235LincolnPl.jpg
This two-bedroom in the prewar co-op at 235 Lincoln Place in Park Slope has been on the market for a couple of months now. After starting out at $735,000, the price has just been trimmed to $719,000. While the listing talks up what a great place it is, the lack of photos of any kitchens or bathrooms is a source of concern to us, and a potential explanation for why this place hasn’t moved yet. Another possibility: The living room looks a little skinnier than one would expect in a typical prewar doorman building. Nonetheless, we love the generous foyer and the location, just off 8th Avenue, rocks. Anyone have any insight into why there’ve been no takers thus far?
235 Lincoln Place [Brown Harris Stevens] GMAP P*Shark
Photo by Kate Leonova for Property Shark


What's Your Take? Leave a Comment

Leave a Reply

  1. Hey, I live on that block, but in one of the row houses down and across the street.

    About to by 510sq ft. in an 1880’s building coop on Lincoln for $300K with $500/m maintenance. Please tell me I am not insane…

  2. The living room isn’t so narrow – the floorplan says it is 13.5 feet wide, which is a common size in brownstone living rooms, and they don’t look narrow.

    They just don’t have the furniture placed so that it shows the living room off in its best light.

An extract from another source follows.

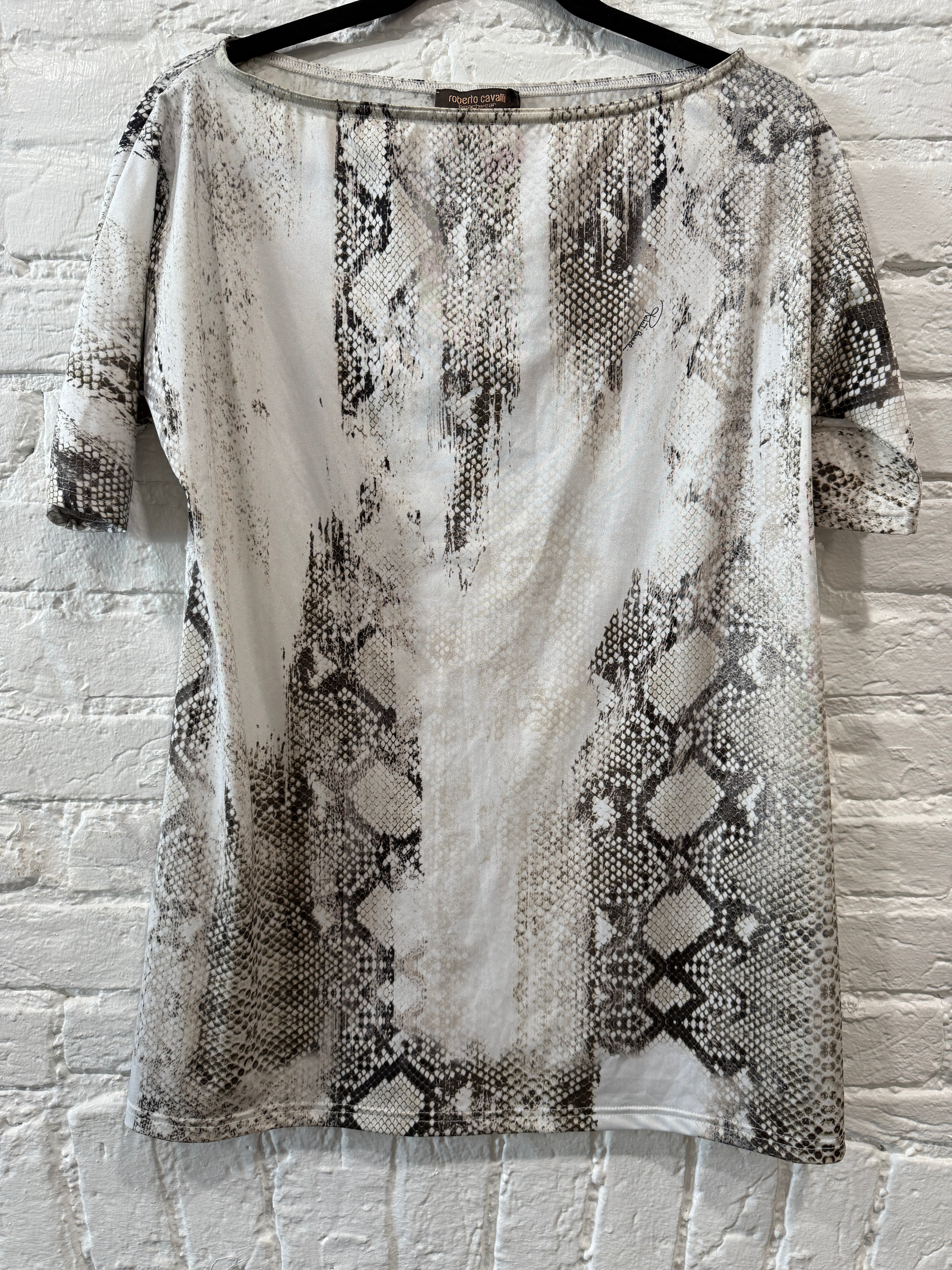 Cavalli Phyton Tee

The couch should be in front of the window, leaving enough space behind it to walk around it to tend to the plants in front of the window, which would love that light.

    I’ve also seen this listing, and wondered why it wasn’t snapped up right away. I think it is a staging problem.

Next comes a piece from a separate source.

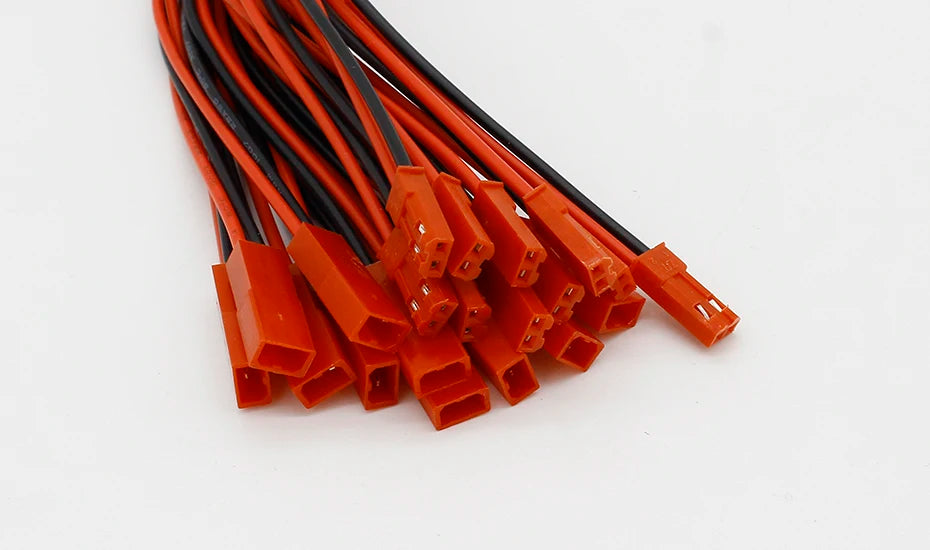 IMC Hot 10 Pairs 150mm JST Connector Plug Cable Male+Female for RC Battery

    I like the foyer, too – I’d put a small table against the wall there for breakfast and informal dining (there’s room in the LR/DR for a formal dining-room sized table, which you can just see in the picture.) There’d be plenty of room to walk around a table against the wall.

    I’d use the second bedroom as a study/guest room (which means that big old desk in the LR wouldn’t determine the poor furniture layout of that room). I like the study off the foyer/breakfast room, and occasional guests are happy just to have their own room with a door, and not have to sleep on a pull-out couch in the living room.

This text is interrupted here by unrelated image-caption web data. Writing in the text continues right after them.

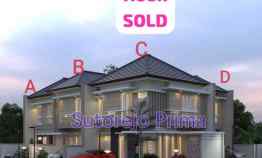 Sutorejo Prima Ready 3 Unit Lokasi Premium hanya 2M an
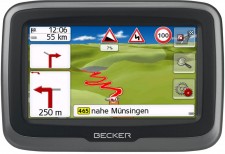 Test Navigationssysteme - Becker mamba.4 LMU Plus 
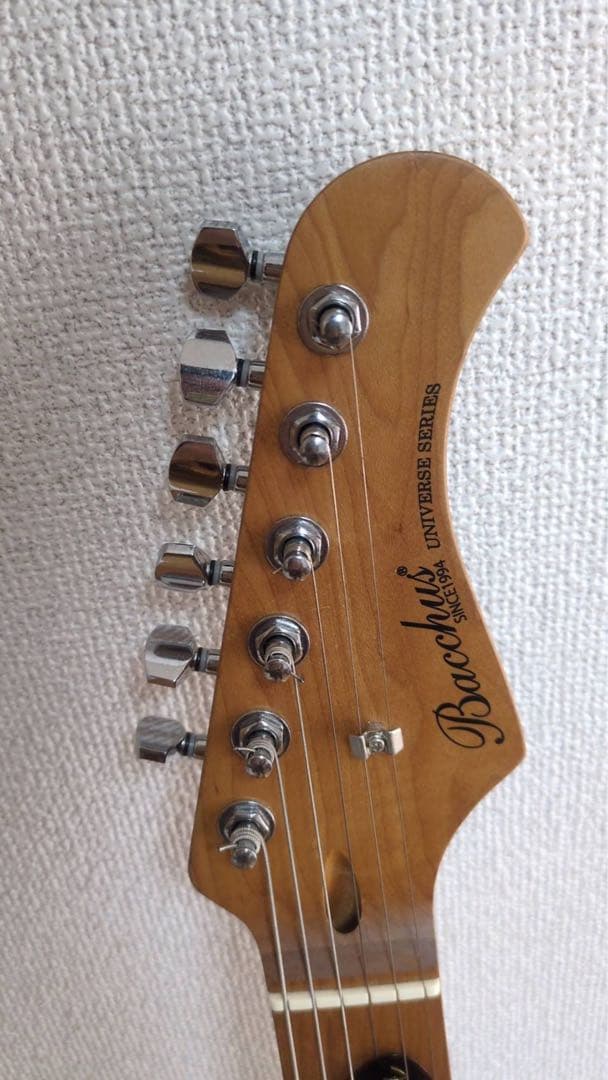 Bacchus BST-2 RSM／M エレキギター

    I just sold my place (subject to my coop board’s approval of the second buyer I’ve contracted with – don’t get me started on 4-unit coop boards) and I am amazed that sellers (or their real estate agents) don’t look at their apartments from the point of view of potential buyers. I moved out all of my files, books, bookcases, small misc. furniture, most of the stuff in closets, excess clothes and dressers, and even invested in some cheap Ikea furniture to show off my guest room at its most spacious, before showing my apartment.

    Apartment buyers, especially first-time buyers (which many coop buyers are – I’d never buy another one again – no more shared ownership with crazy strangers for me – coop or condo – I’d rather rent until I can buy a house) can’t visualize the space at its best – you have to rearrange it to show them (even if that’s not how you (or they) actually live in it.

    My strategy must have worked – multiple offers after each open house. Now if only I could also move out some of my coop neighbors …..

  3. JP-

    Um…No

    The issue isn’t whether it’s a legal bedroom but whether it’s a habitable room, which is the definition that matters to DOB. That means that the room must have one dimension equal to or greater than 8′-0″(as for a height requirement I think anything below 7′-6″ is out of the question) and that it must have a total window area equal to 10% of the square footage and an operable window area equal to 5% of the square footage.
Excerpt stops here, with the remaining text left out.